Stephen Hawking’s Final Paper Published, Addresses Black Hole Paradox


Since Karl Schwarzschild first posited the existence of black holes in a letter to Albert Einstein, scientists have debated what happens to the matter that seemingly disappears when consumed by one. According to the Special Relativity Theory, mass is related directly to energy, and the quantity of energy and mass left over after any reaction must be equal to the amount prior to the reaction, though it doesn’t have to be in the same form. So what happens when a moon, star, or galaxy is swallowed by a black hole? Where does all that mass and energy go, if it can’t actually be destroyed?

According to Quartz, Hawking and his colleagues have a theory. In a paper entitled “Black Hole Entropy and Soft Hair,” Hawking, Malcolm Perry from Cambridge, and Harvard’s Andrew Strominger suggest that the mass may convert to information stored in photons around the edge of the black hole.

The point at which a black hole’s gravitation pull becomes so strong that nothing — even light — can escape its pull is called the event horizon. Hawking and associates theorized that massless energy particles called photons might collect along the event horizon and capture information that represents the objects trapped by the black hole, similar to the way a string of ones and zeroes represents software that performs a function when interpreted by a computer. The mass of the object is transformed into energy, per the theory of Special Relativity.

The key to this theory is Hawking’s assertion that black holes have temperatures, in addition to the two other characteristics Einstein defined: mass and spin. If they have temperatures, that means they also have entropy, or the amount of disorder in an object as a function of its temperature. Additionally, in 1974, Hawking suggested that black holes emit radiation, a theory that has been born out through observation of powerful gamma-ray jets emitted from certain black holes. He also theorized that over time, emitting all that radiation evaporates the black hole out of existence, leaving the question of where all the matter went.

The photons mentioned above are the “soft hair” described in the research paper, and they may contain the energy representing the mass that no longer physically exists. Perry put it this way, according to the BBC.

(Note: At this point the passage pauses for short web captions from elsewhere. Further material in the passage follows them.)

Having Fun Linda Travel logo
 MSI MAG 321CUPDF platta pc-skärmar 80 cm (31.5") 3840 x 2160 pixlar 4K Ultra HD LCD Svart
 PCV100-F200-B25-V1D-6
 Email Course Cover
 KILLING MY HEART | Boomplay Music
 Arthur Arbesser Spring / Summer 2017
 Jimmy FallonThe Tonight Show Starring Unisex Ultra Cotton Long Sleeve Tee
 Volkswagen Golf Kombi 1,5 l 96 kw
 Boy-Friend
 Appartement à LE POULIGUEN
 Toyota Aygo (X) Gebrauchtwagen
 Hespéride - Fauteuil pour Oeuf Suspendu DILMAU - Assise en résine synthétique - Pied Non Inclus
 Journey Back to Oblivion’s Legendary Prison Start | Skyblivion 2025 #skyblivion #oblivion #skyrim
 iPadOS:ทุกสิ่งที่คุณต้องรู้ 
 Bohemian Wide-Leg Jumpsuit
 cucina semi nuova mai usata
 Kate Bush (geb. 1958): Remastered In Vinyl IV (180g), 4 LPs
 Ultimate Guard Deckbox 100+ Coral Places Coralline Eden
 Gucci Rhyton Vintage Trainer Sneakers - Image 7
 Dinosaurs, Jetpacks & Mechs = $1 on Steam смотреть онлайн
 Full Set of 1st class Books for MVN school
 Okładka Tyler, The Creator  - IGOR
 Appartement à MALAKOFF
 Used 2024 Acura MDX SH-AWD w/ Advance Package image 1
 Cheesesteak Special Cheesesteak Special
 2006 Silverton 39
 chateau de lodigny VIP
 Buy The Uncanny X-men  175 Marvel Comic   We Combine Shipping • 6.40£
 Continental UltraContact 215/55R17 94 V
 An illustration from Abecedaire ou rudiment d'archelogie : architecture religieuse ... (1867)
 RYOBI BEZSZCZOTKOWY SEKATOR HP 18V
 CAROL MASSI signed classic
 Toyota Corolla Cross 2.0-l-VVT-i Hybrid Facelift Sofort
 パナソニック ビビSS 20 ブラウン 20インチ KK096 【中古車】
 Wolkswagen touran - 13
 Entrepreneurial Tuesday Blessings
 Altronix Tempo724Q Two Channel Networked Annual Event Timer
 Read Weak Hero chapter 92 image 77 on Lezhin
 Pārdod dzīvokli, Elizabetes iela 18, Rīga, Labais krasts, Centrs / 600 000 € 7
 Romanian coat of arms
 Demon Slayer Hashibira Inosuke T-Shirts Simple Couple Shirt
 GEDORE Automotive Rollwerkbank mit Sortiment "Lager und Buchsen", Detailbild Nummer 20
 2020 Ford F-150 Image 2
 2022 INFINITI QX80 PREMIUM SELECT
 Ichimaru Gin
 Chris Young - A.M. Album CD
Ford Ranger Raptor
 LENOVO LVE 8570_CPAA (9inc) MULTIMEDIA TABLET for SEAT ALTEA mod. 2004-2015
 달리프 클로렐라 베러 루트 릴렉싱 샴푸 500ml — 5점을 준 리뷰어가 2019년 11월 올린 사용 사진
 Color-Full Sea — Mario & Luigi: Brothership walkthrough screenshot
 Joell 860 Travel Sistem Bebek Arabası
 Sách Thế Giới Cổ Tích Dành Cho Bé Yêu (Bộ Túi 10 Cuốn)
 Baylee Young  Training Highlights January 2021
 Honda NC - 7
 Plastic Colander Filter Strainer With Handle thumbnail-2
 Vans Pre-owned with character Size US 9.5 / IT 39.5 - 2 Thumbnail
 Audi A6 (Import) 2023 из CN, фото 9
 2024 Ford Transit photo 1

“What this paper does is show that ‘soft hair’ can account for the entropy. We don’t know that Hawking entropy accounts for everything you could possibly throw at a black hole, so this is really a step along the way. We think it’s a pretty good step, but there is a lot more work to be done.”

If the theory is right, further research is necessary to determine how the soft hair stores information, and if it does, whether it contains all of the information about objects consumed by black holes or only part of it. Hawking’s final book, Brief Answers to the Big Questions, is due out on October 16 from Bantam.